TASK OBJECTIVE — Beginning with the line that contains "Oranje Leeuwinnen oefenen", repeat each line exactly through the end of the listing below. Pictures stay out.

PROVIDED DATA —
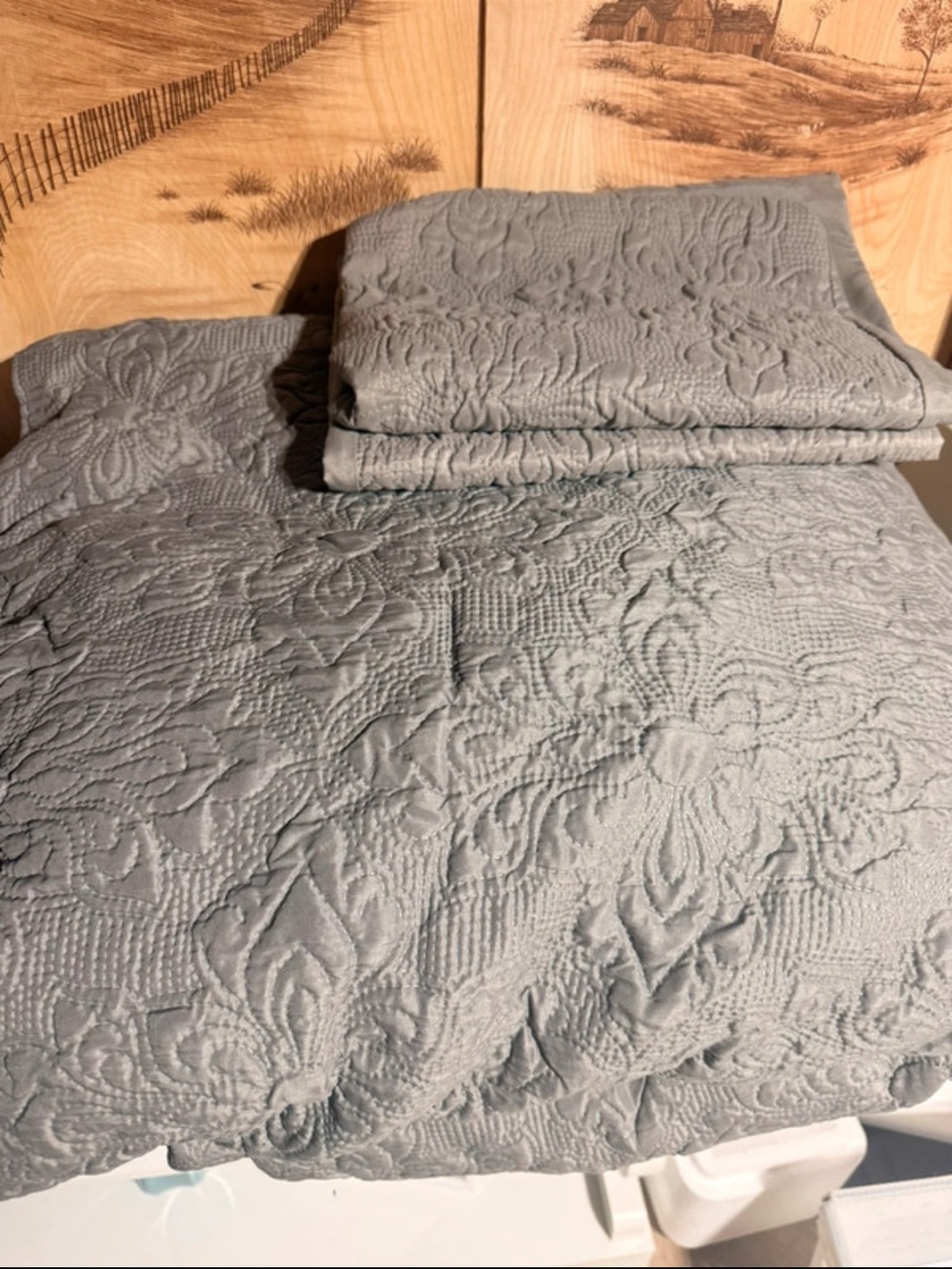 Light Gray Quilted Floral Comforter Set - Elegant Neutral Bedding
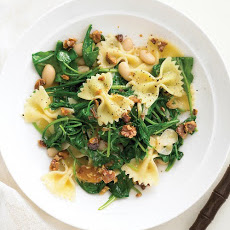 Pasta with Arugula, White Beans, and Walnuts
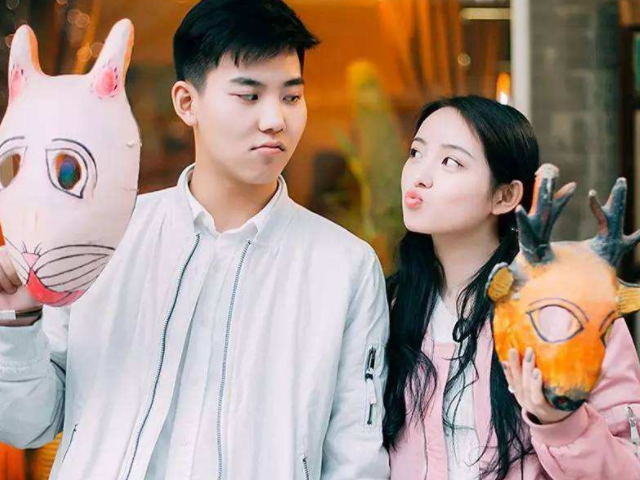 如果一个男生不喜欢你的话他是不会给你瞎起绰号的,傻瓜是个贬义词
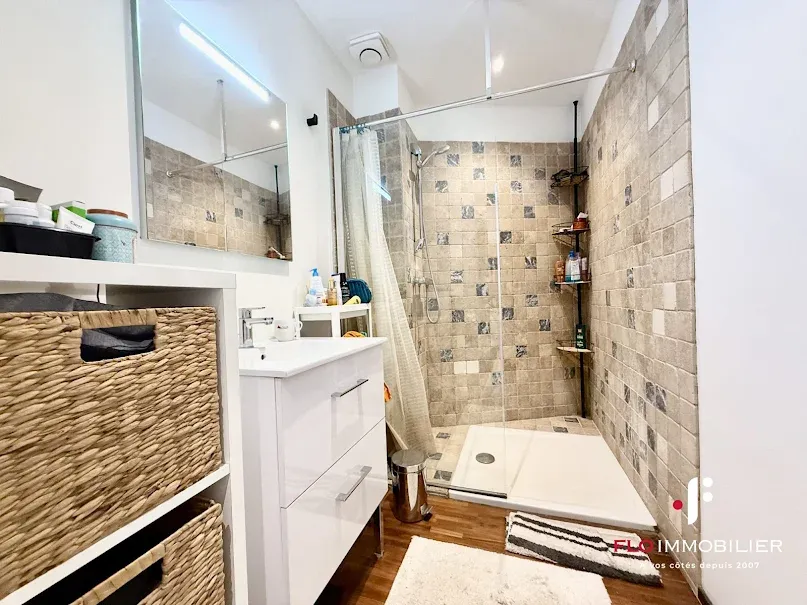 Salles de bain - Appartement Rénové avec Ascenseur à Caen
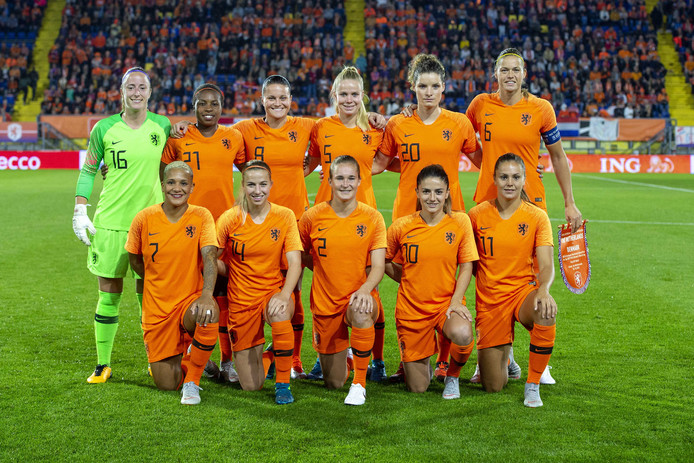 Oranje Leeuwinnen oefenen tegen Chili in Alkmaar ...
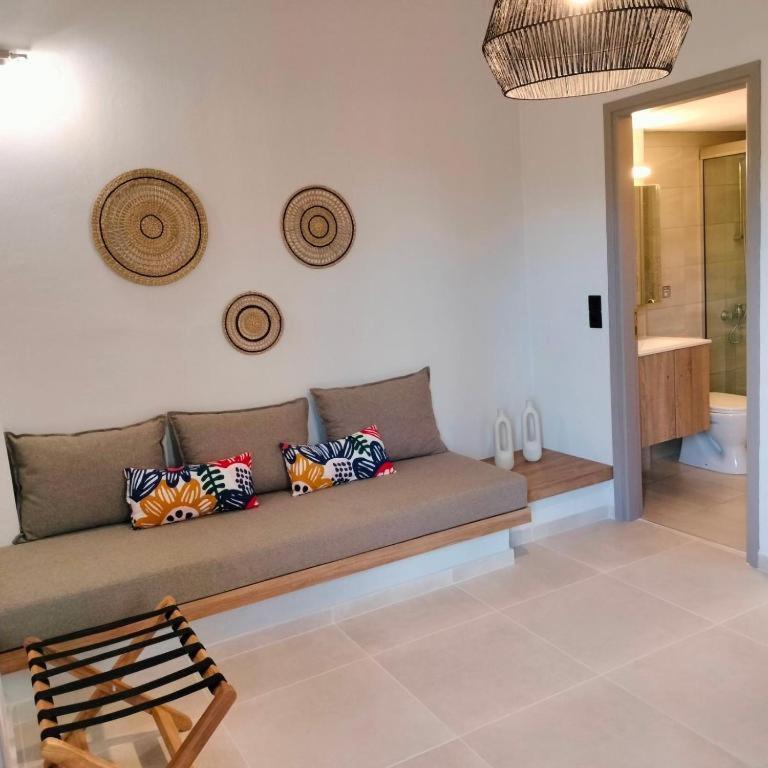 Nancy - Chara Apartments Karteros Bagian luar foto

THE COMPLETED TASK —
 Oranje Leeuwinnen oefenen tegen Chili in Alkmaar ...
 Nancy - Chara Apartments Karteros Bagian luar foto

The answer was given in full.